What challenges, opportunities may be ahead for insurers?
What challenges, opportunities may be ahead for insurers?
The disruptions created by the pandemic, natural disasters and a shifting workforce in the past year have challenged insurers to respond to market uncertainties with speed – at scale.

As digitization matures, insurance companies have seen firsthand how technologies – from SaaS and cloud technologies to the Internet of Things to artificial intelligence and machine learning have helped facilitate insurance processes for more streamlined claims management and improved customer experiences.

Before looking at where technology met its goals and where there are opportunities for 2022, it bears noting how carriers mitigated uncertainty and aggressively charted a path forward. Carriers didn’t shy away from the need to digitize or accelerate movement to the cloud.

This has me both confident in and excited about the future of insurance (and insurance experiences) that carriers will build on top of new technologies.

Where carriers excelled
In general, many carriers enabled workforces and serviced customers remotely during the past year without too many hiccups or migration pains. Carriers of personal, commercial and specialty insurance conducted ‘business as usual,’ built on solid technology infrastructure – and those that got a head start in 2020 reaped the benefits.

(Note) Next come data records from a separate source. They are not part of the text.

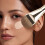 Slanted Makeup Brush for Liquid-Coffee color 3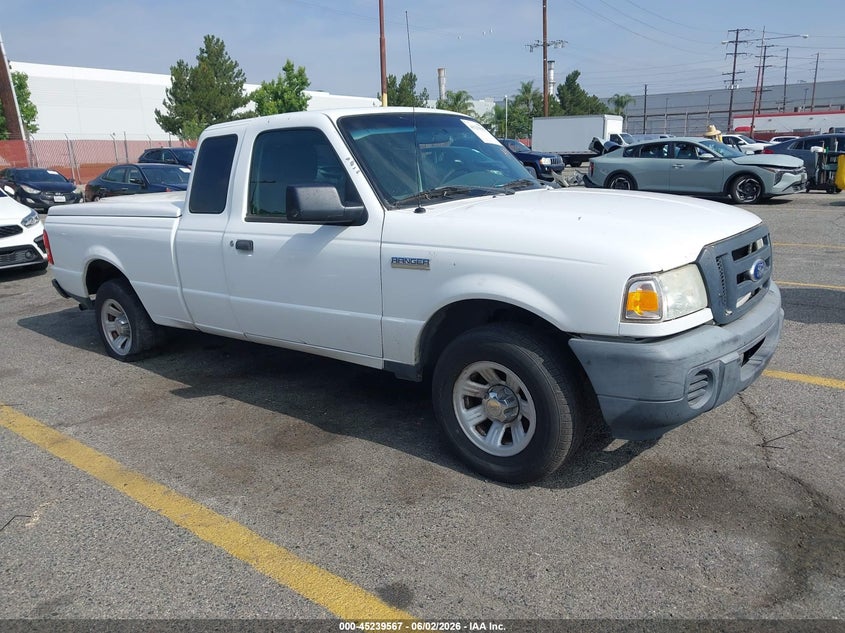 Vin: 1ftkr1edoapa47764, lot: 45737358, ford ranger xl/xlt 2010 img_1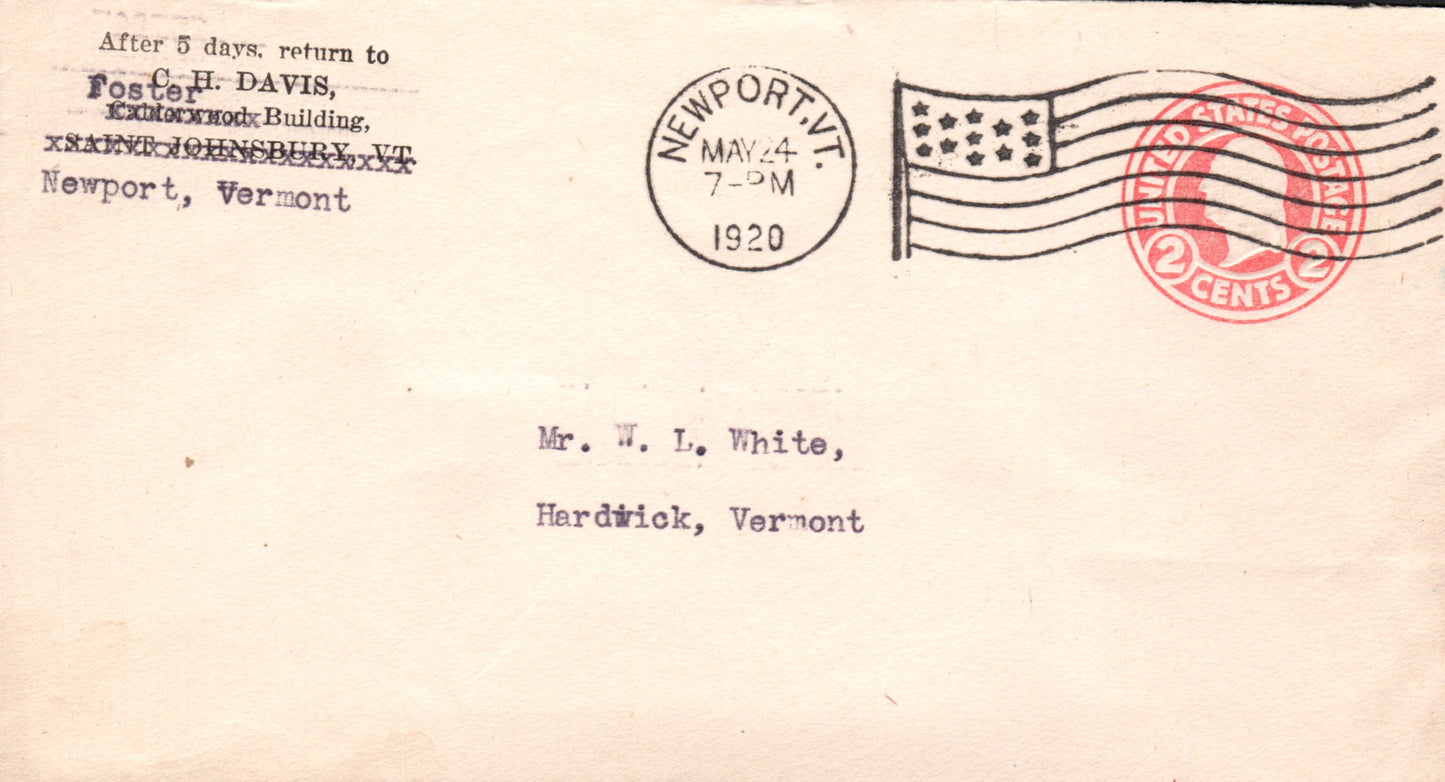 Orleans County, VT (34 items)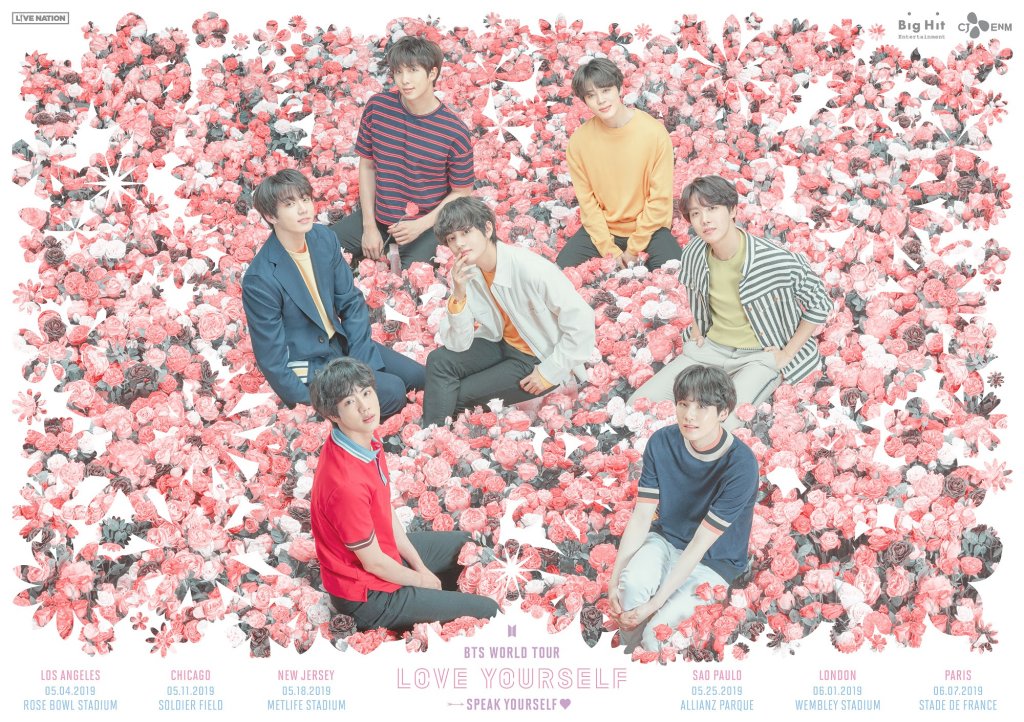 BTS em São Paulo: preços e mais informações sobre os ingressos do show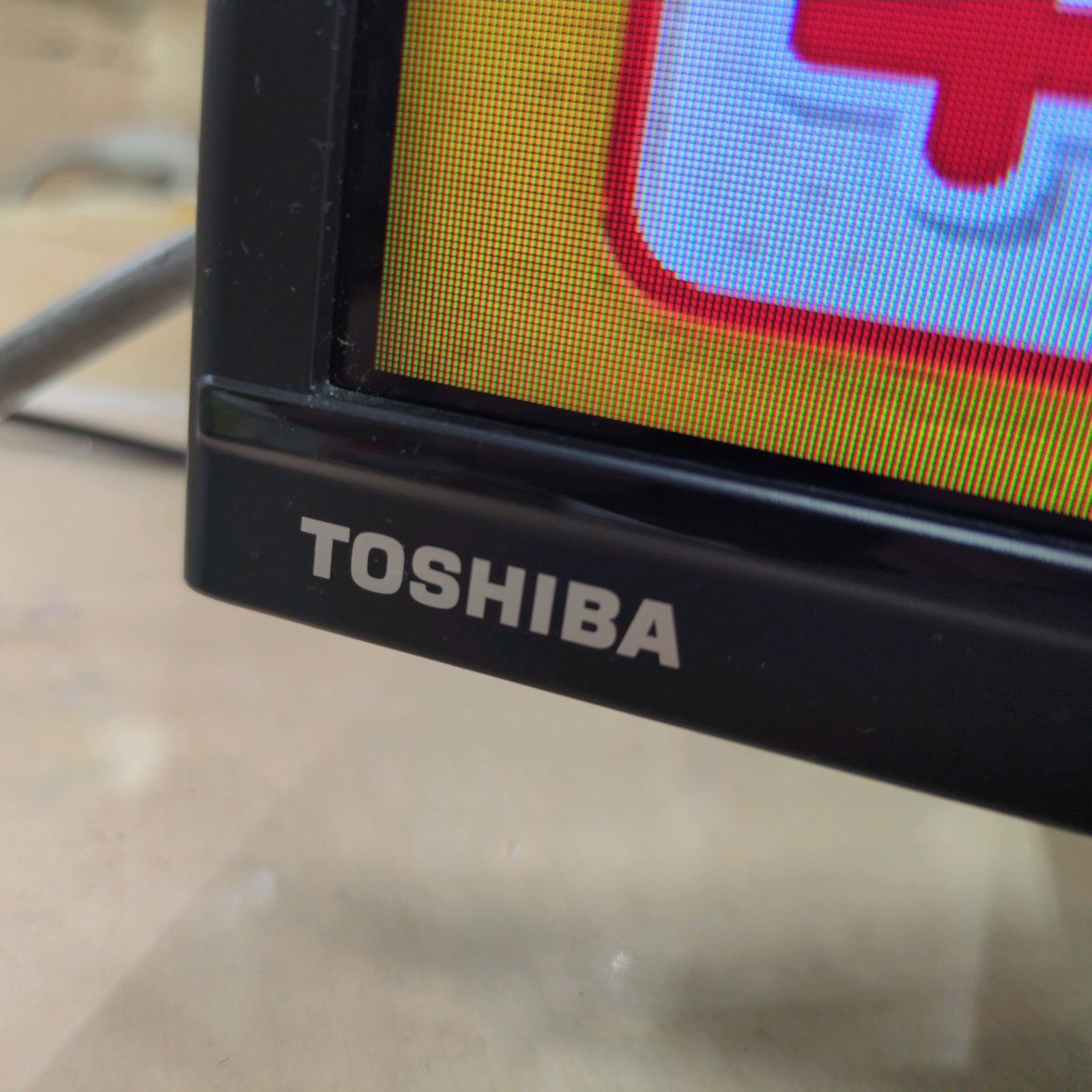 J094☆TOSHIBA☆32インチ地デジTV☆32S8☆2015年製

There was a new level of maturity and competence in 2021 when it came to conducting business remote or digital-first. I expect this to continue in 2022 as comfort levels within the carrier workforce grow and smart businesses find more creative and actionable ways to serve constituents.

Speed to market was also an area where carriers met the demand with fervor. We saw the introduction of new products and the adaptation of products at pace, spurred by advancements in both low-code-enabled tools and coding maturity where rules take priority over lines of written code. Add this to the list of trends here to stay.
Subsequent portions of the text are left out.